Turning to the merits, "[i]n applying the ‘arbitrary and capricious’ standard [under CPLR 7803(3) ], a court inquires whether the determination under review had a rational basis" ( Matter of Halperin v. City of New Rochelle, 24 A.D.3d 768, 770, 809 N.Y.S.2d 98 ). "Under this standard, a determination should not be disturbed unless the record shows that the agency's action was ‘arbitrary, unreasonable, irrational or indicative of bad faith’ " ( Matter of Halperin v. City of New Rochelle, 24 A.D.3d at 770, 809 N.Y.S.2d 98, quoting Matter of Cowan v. Kern, 41 N.Y.2d 591, 599, 394 N.Y.S.2d 579, 363 N.E.2d 305 ). "It is not the province of the courts to second-guess thoughtful agency decisionmaking" ( Matter of Riverkeeper, Inc. v. Planning Bd. of Town of Southeast, 9 N.Y.3d 219, 232, 851 N.Y.S.2d 76, 881 N.E.2d 172 ; see Matter of Ignizio v. City of New York, 85 A.D.3d 1171, 1174, 925 N.Y.S.2d 664 ). Therefore, "[w]hile judicial review must be meaningful, the courts may not substitute their judgment for that of the agency for it is not their role to weigh the desirability of any action or [to] choose among alternatives" ( Matter of Riverkeeper, Inc. v.
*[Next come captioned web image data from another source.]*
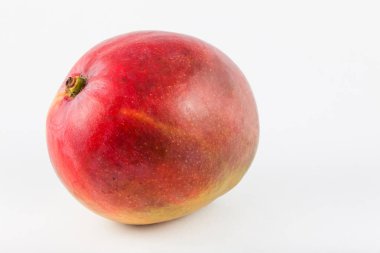 Mango (Mangifera indica)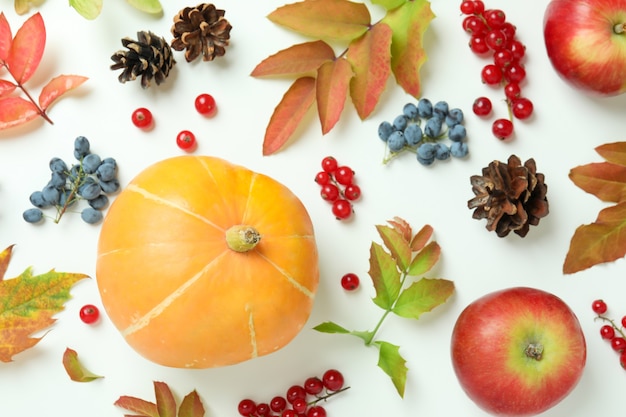 Composition de Thanksgiving Day avec citrouille sur fond blanc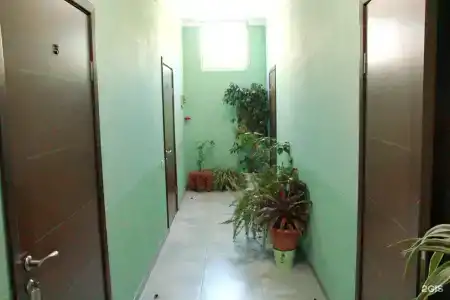 Милар - 193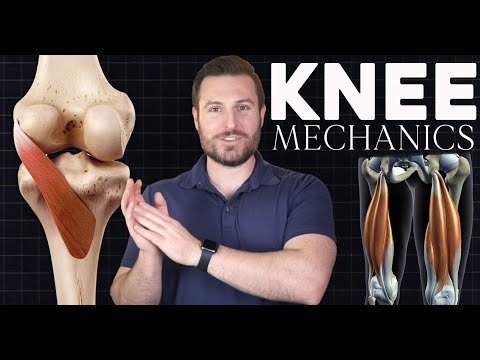 The Muscle that Unlocks the Knee: Screw Home Mechanism Explained | Corporis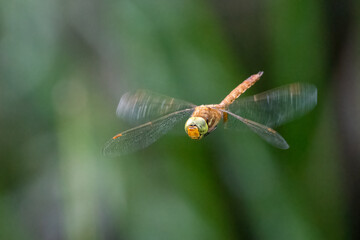 Green-eyed hawker or Norfolk hawker dragonfly (Aeshna isoceles) in flight over a pond.
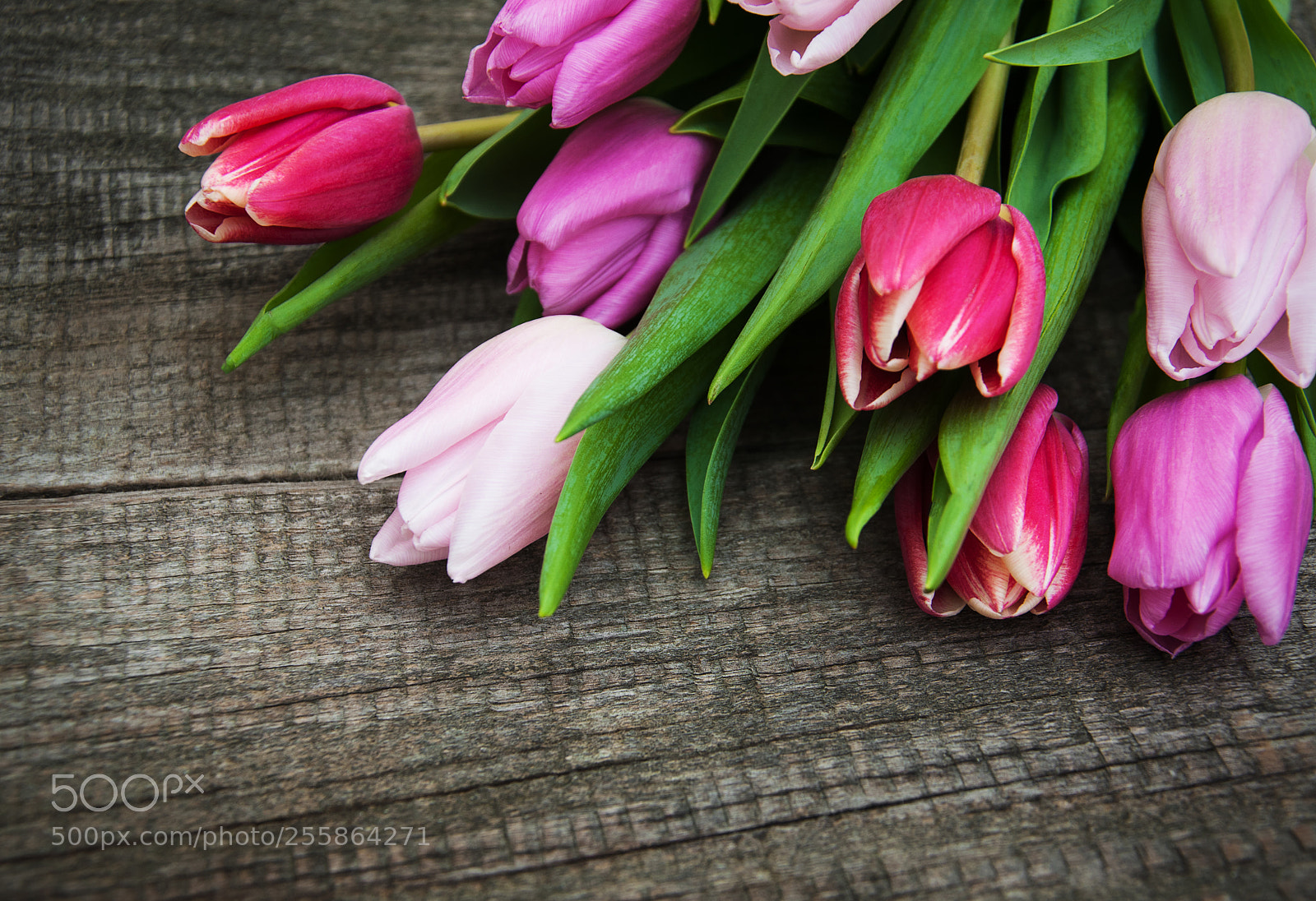 Nikon D90 sample photo. Spring tulips flowers photography
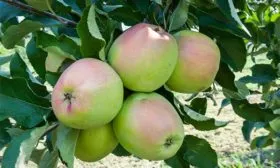 Созревание Яблоня Лигол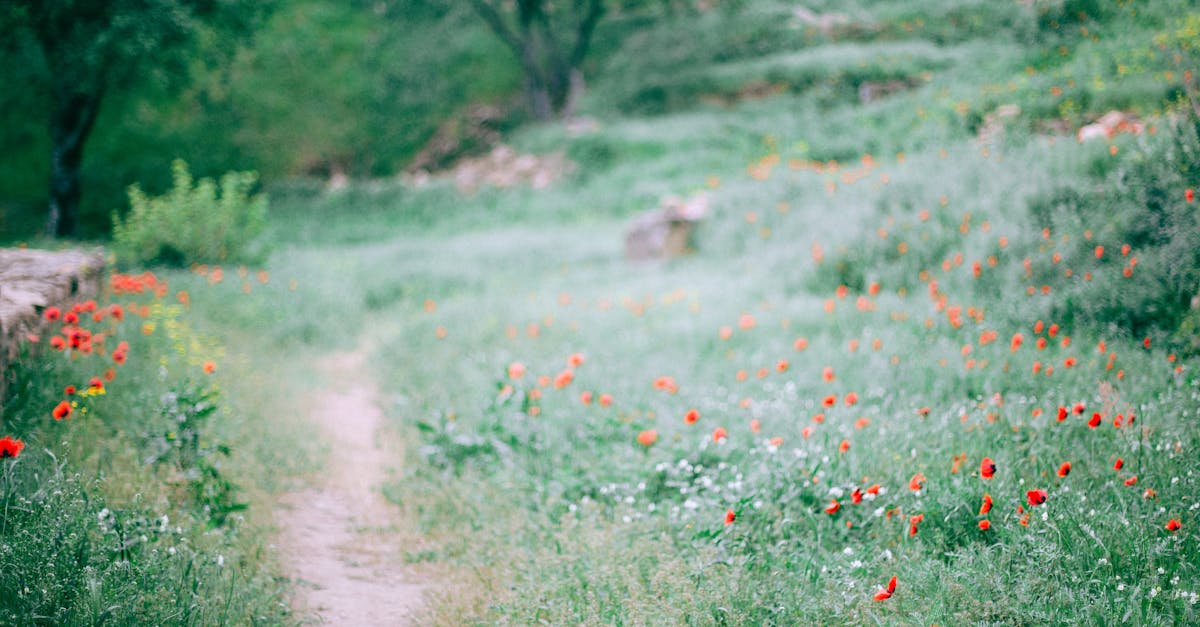 découvrez les chemins fascinants des plantes : explorez leur croissance, leur adaptation et leur rôle essentiel dans l'écosystème. apprenez comment ces voies naturelles influencent la biodiversité et promeut une agriculture durable.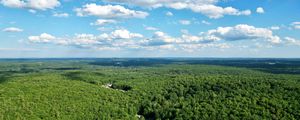 Preview wallpaper forest, trees, clouds, sky, landscape, aerial view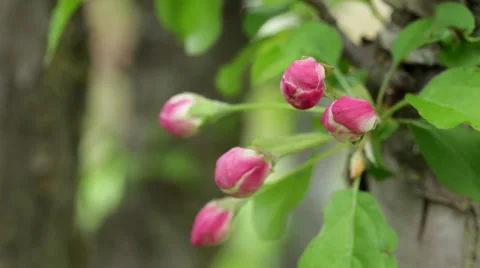 Close-up pink apple tree buds on leafy branch Stock Footage 38824025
Planning Bd. of Town of Southeast, 9 N.Y.3d at 232, 851 N.Y.S.2d 76, 881 N.E.2d 172 [internal quotation marks omitted]).
Here, contrary to the petitioners' contention, the Board's decision to decommission 20 buses and to privatize portions of its bus routes, because of budgetary issues facing the District, which resulted in its determination to eliminate 20 bus driver positions, had a rational basis and was not arbitrary and capricious (see generally Matter of Pell v. Board of Educ. of Union Free School Dist. No. 1 of Towns of Scarsdale & Mamaroneck, Westchester County, 34 N.Y.2d 222, 231, 356 N.Y.S.2d 833, 313 N.E.2d 321 ; Matter of Sinacore v. New York State Liq. Auth., 21 N.Y.2d 379, 384, 288 N.Y.S.2d 51, 235 N.E.2d 113 ) or made in bad faith (see Matter of Young v. Board of Educ. of Cent. School Dist. No. 6, Town of Huntington, 35 N.Y.2d 31, 34, 358 N.Y.S.2d 709, 315 N.E.2d 768 ; Matter of Gagnon v. Board of Educ. of Manhasset Union Free School Dist, 119 A.D.2d 674, 675, 500 N.Y.S.2d 801 ). Thus, there is no basis to disturb the Board's determination (see generally Roberts v. Health & Hosps. Corp., 87 A.D.3d 311, 327, 928 N.Y.S.2d 236 ).
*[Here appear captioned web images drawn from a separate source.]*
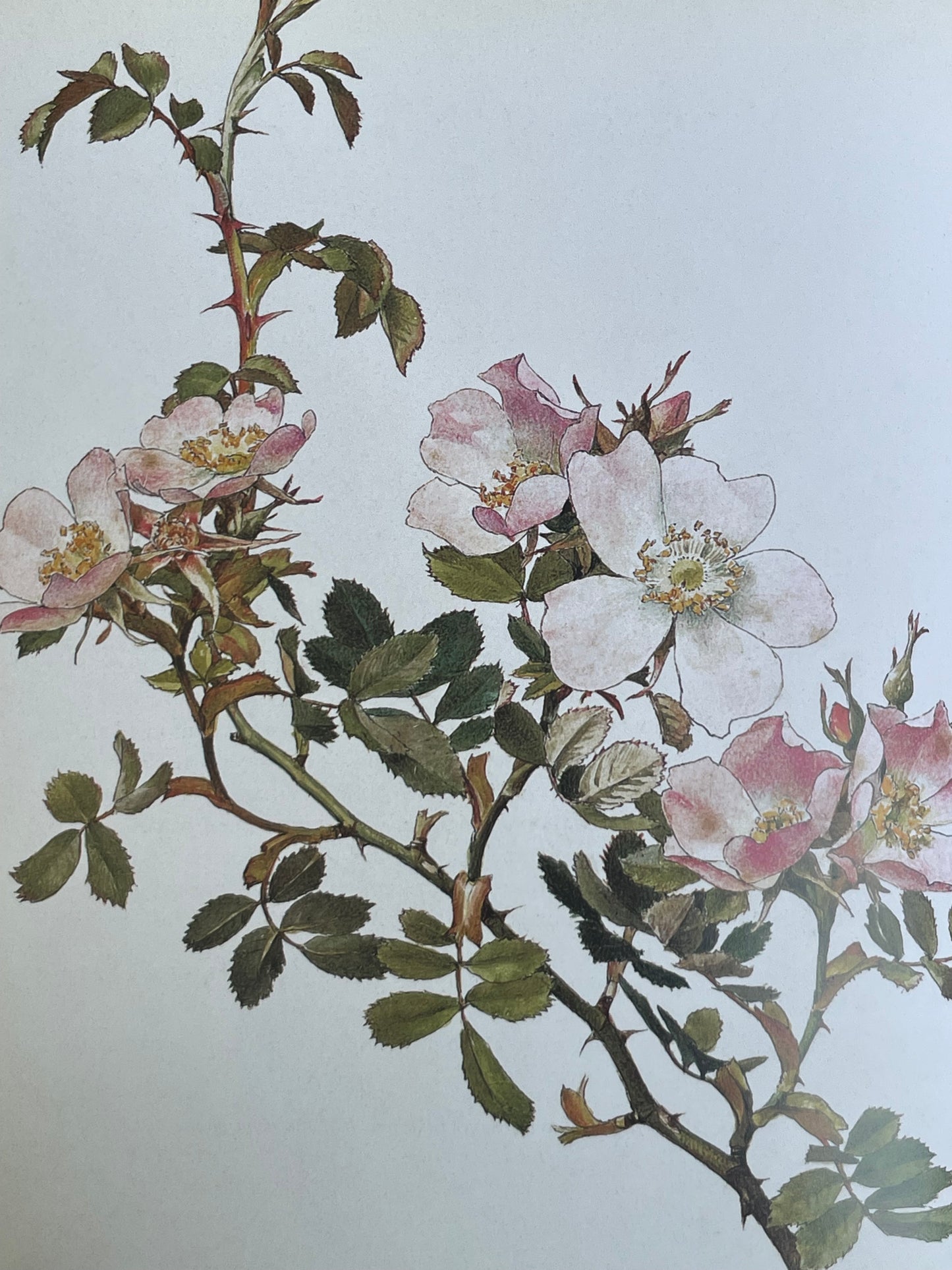 Roses from the Archives of the Royal Horticultural Society Book Rose Illustrations for Gardener of Roses Floral Enthusiast Gift Idea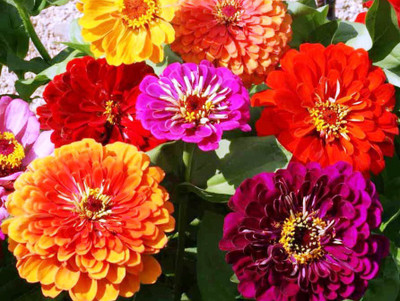 

Airex ZINNIA DOUBLE MIXED SUMMER FLOWER SEED PACK OF 20 SEED PER PACKET Seed(20 per packet)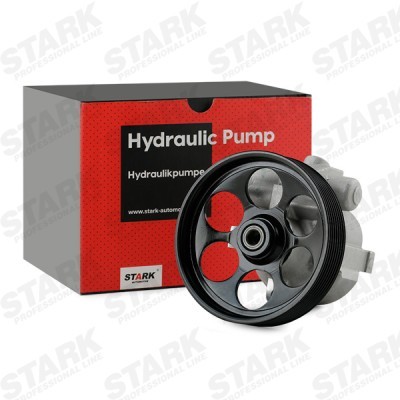 Hydraulic Pump, Steering System Stark SKHP-0540189 SKHP-0540189 - photo 2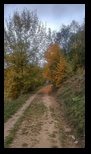 Via Transilvanica Paltin - Poiana Marului -19-10-2025 - Bogdan Balaban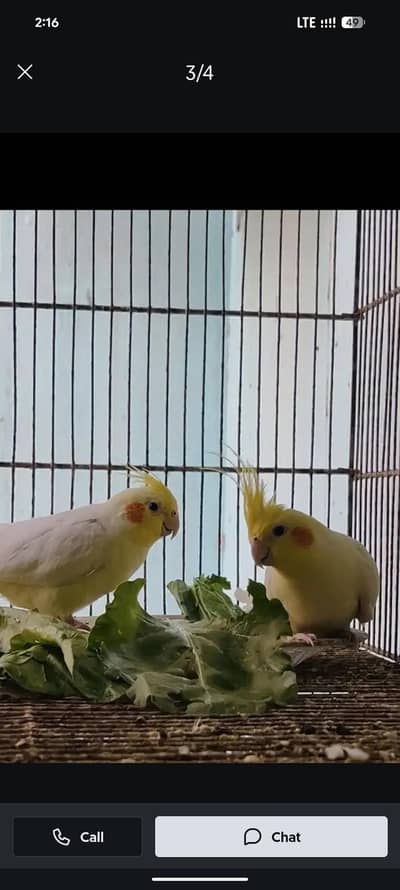 cocktail love birds and guitar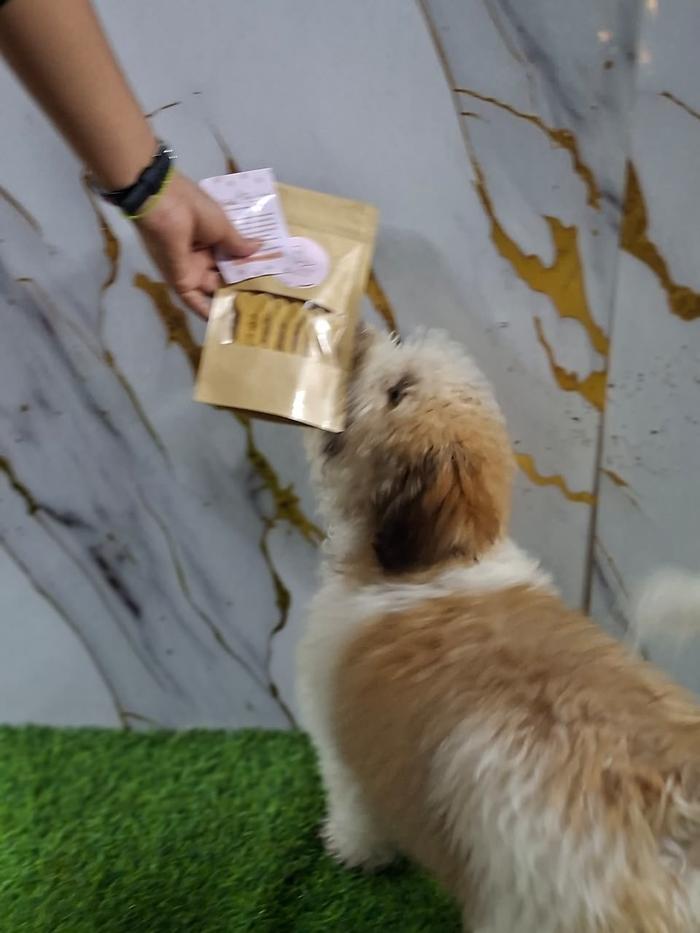 Perrito oliendo su bolsa de galletas Kira Barkery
Accordingly, we agree with the Supreme Court's determination to grant that branch of the respondents' motion which was to dismiss so much of the petition as sought to annul the Board's determination and, in effect, to deny that branch of the petition and to dismiss that portion of the proceeding. We also agree with the court's determination to deny, as academic, the motion of Addae and Waugh to deem their late notices of claim timely served nunc pro tunc, or for leave to serve late notices of claim.
MASTRO, J.P., AUSTIN, LEVENTHAL and MILLER, JJ., concur.